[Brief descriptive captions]
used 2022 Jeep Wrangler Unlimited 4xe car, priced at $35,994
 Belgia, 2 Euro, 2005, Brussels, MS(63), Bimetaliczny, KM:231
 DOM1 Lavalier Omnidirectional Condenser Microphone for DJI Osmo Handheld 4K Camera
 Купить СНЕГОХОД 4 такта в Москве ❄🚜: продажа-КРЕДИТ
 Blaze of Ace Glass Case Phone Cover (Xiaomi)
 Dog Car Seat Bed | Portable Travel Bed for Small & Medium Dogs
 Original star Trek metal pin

Required action » Reproduce the data. Keep it exact.

Response »
used 2022 Jeep Wrangler Unlimited 4xe car, priced at $35,994
 Belgia, 2 Euro, 2005, Brussels, MS(63), Bimetaliczny, KM:231
 DOM1 Lavalier Omnidirectional Condenser Microphone for DJI Osmo Handheld 4K Camera
 Купить СНЕГОХОД 4 такта в Москве ❄🚜: продажа-КРЕДИТ
 Blaze of Ace Glass Case Phone Cover (Xiaomi)
 Dog Car Seat Bed | Portable Travel Bed for Small & Medium Dogs
 Original star Trek metal pin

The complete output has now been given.